Vertrauen ist gut – Kontrolle ist besser
In seiner Diplomarbeit am Institut für Infrastruktur, Arbeitsbereich für Geotechnik und Tunnelbau und Arbeitsbereich für Wasserbau, führte Michael Holzmann eine Finite-Elementberechnung für einen bereits gebauten und seit vielen Jahren im Betrieb befindlichen - also standsicheren - Damm einer Wasserkraftanlage durch. „Für die Berechnung benötigt man sogenannte Werkstoffmodelle, die reale Materialeigenschaften in Abhängigkeit ihrer mathematischen Komplexität gut oder weniger gut beschreiben“, erklärt Holzmann. In seiner Untersuchung überprüfte er mehrere Werkstoffmodelle auf ihre Tauglichkeit, um Spannungen und Verformungen in einem Schüttbauwerk prognostizieren zu können.
„Die Tauglichkeit der Modelle wird geprüft, indem Standard-Laborversuche mit dem Computer modelliert und nachgerechnet werden. Die mit dem Computerprogramm berechneten Ergebnisse werden anschließend mit den Messdaten aus dem Labor verglichen und bewertet. Dadurch kann neben der Tauglichkeit auch kontrolliert werden, ob das Werkstoffgesetz richtig im Computerprogramm implementiert ist“, so Holzmann.

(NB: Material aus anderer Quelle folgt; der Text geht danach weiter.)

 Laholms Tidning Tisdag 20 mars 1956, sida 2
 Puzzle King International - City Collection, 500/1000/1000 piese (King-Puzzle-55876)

Bei der Nachrechnung der Versuche unter genormten Bedingungen fand er heraus, dass im verwendeten Programm mehrere Fehler enthalten waren, die bis zu diesem Zeitpunkt nicht entdeckt wurden. „Offensichtlich wurden von der Entwicklerfirma keine Verifikationsberechnungen durchgeführt. Auch in der Praxis wird aus Zeit- und Kostengründen meist auf solche Berechnungen verzichtet. Somit bleiben Fehler unentdeckt“, berichtet der Bauingenieur.
Nach einer intensiven Beschäftigung mit der mathematischen Formulierung des Stoffgesetzes konnten die fehlerhaft implementierten Formeln isoliert und von der Entwicklerfirma korrigiert werden. Nach Beseitigung der Programmfehler konnte Holzmann dann mit der eigentlichen Berechnung des Dammbauwerks beginnen, um Rückschlüsse aus den Vergleichsuntersuchungen der numerischen Modellierung, den genormten Versuchsbedingungen und den tatsächlichen Verhältnissen am bereits jahrelang erprobten und standfesten Ausführungsbeispiel zu ziehen.
„Eine wichtige Schlussfolgerung aus meiner Untersuchung sollte sein, dass der Ingenieur den Ergebnissen von Black-Box Programmen nicht blind vertrauen soll. Es bleibt zu klären, wer im Falle eines auftretenden Schadens, der durch die Berechnung mit einem fehlerhaften Programm auftreten kann, die Haftung übernimmt. Diese Fragestellung wurde im Rahmen der Diplomarbeit nicht mehr behandelt und könnte wahrscheinlich von ExpertInnen unserer Rechtswissenschaftlichen Fakultät beantwortet werden“, so Holzmann resümierend.